1.Çizimle olan ilişkiniz ne zaman başladı?
Hatırlayabildiğim en küçük yaşlarımda çizilmiş ve basılmış her tür matbuatın içine düşerdim! Kitaplarla dolu bir evde büyüdüm. Çok gazete giren, dergilerin izlendiği, ansiklopedi fasiküllerinin alındığı bir ev ve hediye olarak genellikle kitap verilen bir çocuk… Okumak kadar bakmak içindi kitaplar benim için. Kitap kapakları, çizgi romanlar, gazete karikatürleri, okul kitaplarındaki resimler… Çizerin ismini hep önemsediğini hatırlıyorum. O harika masal kitabının gözümü alamadığım prenses çizimini kim yapmış, tatil kitabının kapağındaki o köy resmini çizen kim… Çoğu kez, roman kapaklarını çizenin bile adını yazmazlardı künyeye. Ama ben o bilinmeyen kişiye hayranlık duyardım. İyi tablo yapandan çok yayımlanmış bir resim çizenlerdi merak ettiklerim. Ve galiba onlardan biri olmaya çok özeniyordum! Denilebilir ki tüm fırsatlarda da durmadan çiziyordum. Okulda en sevdiğim derslerdendi resim dersi. Yetenekli olduğum da söylenirdi. Ama tabii çizmek, boyamak bir meslek olamazdı! Belki en iyi ihtimal resim öğretmeni olunurdu. Ama başarılı öğrencilerin kaderi gereği ben de önce tıp fakültesi bitirdim. Doktor olarak çalıştığım ilk yıl da yeniden sınava girip güzel sanatlar fakültesi grafik bölümünü kazandım. Tıp eğitimi boyunca, sık sık okula gitmez, evde resim yapardım! İnsanlara baskı yoluyla çoğaltılıp ulaştırılan afişler, kartpostallar, kitap kapakları ve resimli kitaplar yapmaktı hayalim. Bir ölçüde gerçek oldu.

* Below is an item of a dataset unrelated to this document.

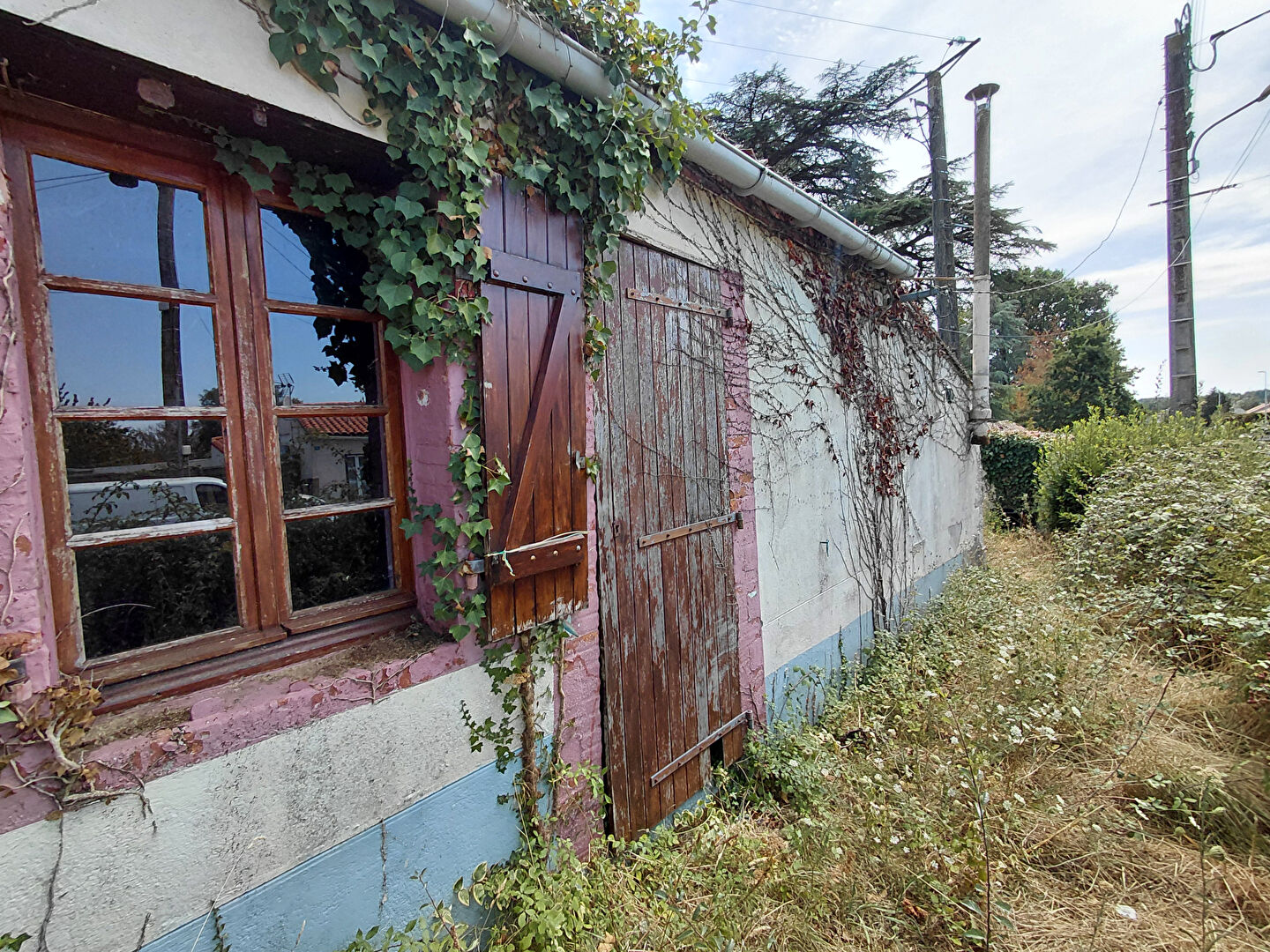 Vente maison palluau : vue 0 - Rocher Immobilier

2.Çizer kitaba nasıl hazırlanır?
Ben öyküyü yazarak hazırlanıyorum. Genellikle yazarken görsellerin de eskizlerini çiziyorum. Bazen de çizmek istediğim mekânlar ya da kahramanların öyküsünü kurgulamaya çalışıyorum. Sözcüklerle hep iç içe benim gözümde uçuşan görseller. Ve aynı zamanda sayfaları da, kapağı da, bir bütün olarak kitabı tasarlamaya çalışıyorum.
3.Çizimlerinizi yaparken yazar ile nasıl diyaloglar gelişiyor aranızda?
Yukarıda açıklamaya çalıştığım gibi, ‘yazar’la aramız iyi! Yakın temas halinde çalışıyoruz! Espri bir yana, çok sevdiğim öykü olursa, bir yazar arkadaşımla birlikte çalışma deneyimi yaşamak da istiyorum samimiyetle.
4.Sanatınızı/çizimlerinizi beslemek için neler yapıyorsunuz?
Yaşadığım hayatı yaşamaya devam ediyorum tadını çıkarmaya çalışarak. Doğaya yakın olmak, bol bol gezmek, çok film seyretmek, animasyonları izlemek, resimli kitapları yakından takip etmek, olabildiği kadar çok çizerin ama özellikle çocuk çizerlerinin işlerini görmeye çalışmak yalnızca çizerliğimi değil yaşamımı da besliyor zaten. Bir de her yeni çalışmada kendim için çıtayı biraz daha yükseltmeye çabalamak. Sonsuz bir yolculuk bu bence.
5. Bir kitabın rafta yerini alana kadar geçirdiği mutfak sürecini çizer cephesinden anlatır mısınız?
Şimdiye dek hep yazılmış, çizilmiş ve tüm sayfa, kapak tasarımı da yapılmış şekilde yayınevlerine başvurdum. Kitap kabul edilirse, metin üzerinde çalışılır editörle. Yayınevinin hazırlıkları tamamlanınca da basılır.